Wednesday, April 04, 2007

Bubur Ayam Istimewa


Kalau sering lewat berjalan kaki di depan terminal blok-M, pasti kenal dengan ibu tukang bubur ayam yang mangkal di depan gerbang masuk Pasaraya sekaligus gerbang masuk blokM-mall. Gerobak bubur ayam ibu ini selalu ramai dikunjungi pembeli. Padahal ada beragam makanan yang dijual disitu, ada mie ayam, soto ayam, nasi goreng, dll. Tapi tetap saja gerobak bubur ayam ini yang paling padat pengunjungnya, sampai pedagang2 yang lain harus rela meminjamkan kursi panjangnya untuk diduduki para penggemar bubur ayam ini.

Semula saya tidak tertarik untuk mencoba bubur ayam disitu. Tapi gerombolan
pembeli -yang nyaris menutupi si ibu penjual bubur dari pandangan itu- benar-benar menggoda saya untuk ikut berkerumun. Penasaran. Apa sih istimewanya bubur ayam ini?.

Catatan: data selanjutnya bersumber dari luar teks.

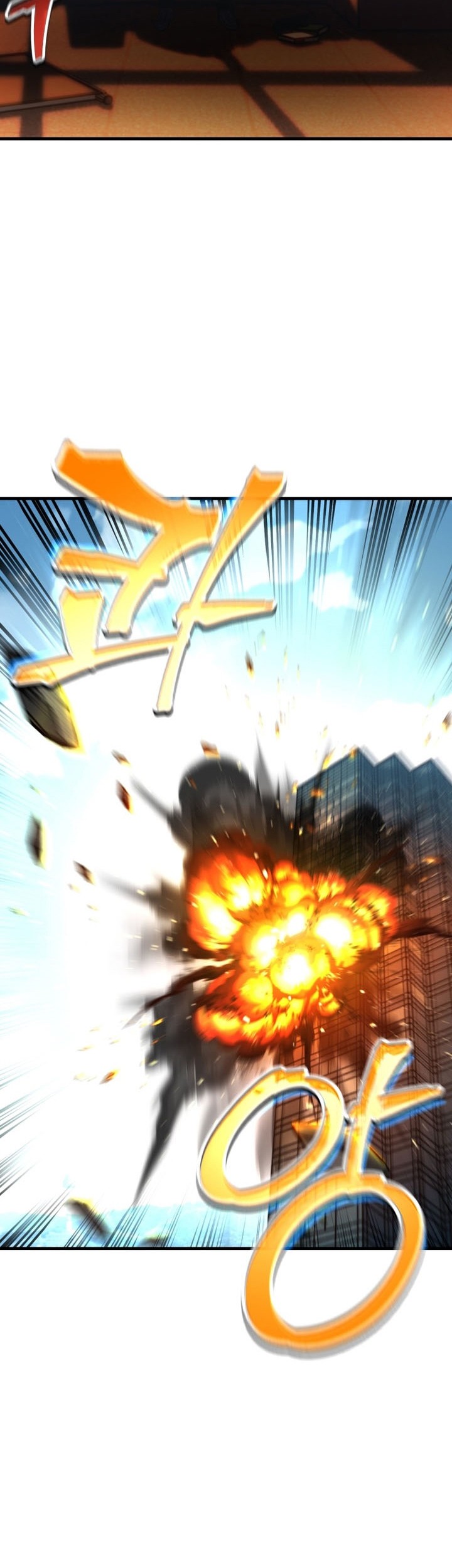 Solo Resurrection Chapter 60 Gambar 22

Saya mulai tertarik untuk sekedar mampir memperhatikan. Kemudian beberapakali saya harus membatalkan pesanan karena kelihatannya saya mendapat nomor urut yang masih jauh sekali untuk dilayani. Maklum, kalo lewat situ seringkali jarum jam sudah nyaris melewati jam masuk kantor saya.

Pertama kali mencicipi, hmm...lumayan, rasanya pas. Buburnya tidak encer meskipun tidak sekental bubur ayam mang Oyo di Dipati Ukur sana :p.

Tapi tetap rasanya tidak terlalu istimewa kalau mau jadi alasan membludaknya pengunjung, yang tidak pernah berhenti datang kecuali buburnya sudah benar-benar habis (kalau bubur belum habis walaupun bahan2 yang lain sudah habis tetap saja dibeli orang meskipun cuma makan dengan kecap dan bawang goreng, ck ck..).

Kelihatannya harga bubur ayam ini yang menarik pembeli. Sangat murah menurut saya. Tiga ribu rupiah saja seporsi. Pelanggannya rata-rata adalah gadis-gadis muda yang bekerja sebagai SPG dan pegawai di Pasaraya. Banyak sekali yang membeli hanya separuh porsi dan dihargai dua ribu rupiah saja. Saya heran sekali melihat porsi-separuh ini, hanya dikurangi buburnya sedikit saja sementara toppingnya tidak berubah semaraknya.

Selain cekatan, Ibu penjual bubur ini juga sangat sabar dan ramah melayani pembeli. Ada yang tidak pakai kecap, tidak pakai kacang, seledri yang banyak, sambal sedikit, semua dilayani dengan sabar. Kadang saya yang cuma melihat sering nggak sabar melihat pembeli yang 'cerewet' begitu padahal pelanggan sedang ramai-ramainya.

Belum lagi kalau ada yang minta tambah ini-itu, semua dilayani tanpa pelit sama
sekali, minta kerupuk lagi dong bu, kerupuknya habis nih... lalu si ibu dengan riang akan mengisi kembali mangkuknya dengan kerupuk sampai penuh. Atau, minta sayap ayamnya boleh bu?... lalu dua buah sayap ayam diberikan dengan
serta merta, tanpa tambahan charge.

Saat pelanggan sudah sepi (berarti pegawai pasaraya sudah mulai bekerja dan saya akan datang terlambat sekali ke kantor :p) kadang saya ngobrol-ngobrol sama si ibu tukang bubur. Saya tanya: Nggak rugi bu jual bubur murah begini?,
apalagi boleh beli separuh tapi isinya juga hampir sama banyaknya dengan satu
porsi
?.

Si ibu tersenyum simpul. Beberapa kali mampir disitu, dia mulai mengenali saya
yang bukan SPG Pasaraya dan biasa memberi uang lebih karena merasa nggak enak selalu minta kacang yang banyak :D.

Lalu dia jawab kurang lebih begini: saya jualan nyari rezeki sambil nyari pahala juga neng. Untung secukupnya, tapi nolongin mbak-mbak pegawai itu biar bisa sarapan kenyang kan jadi pahala buat saya.

Saya tercengang. Ternyata memang guru itu ada dimana-mana ya. Guru saya kali ini adalah seorang ibu setengah baya penjual bubur ayam gerobakan, mengingatkan saya kembali bahwa uang tidak melulu menjadi alasan dan tidak selalu menjadi tujuan.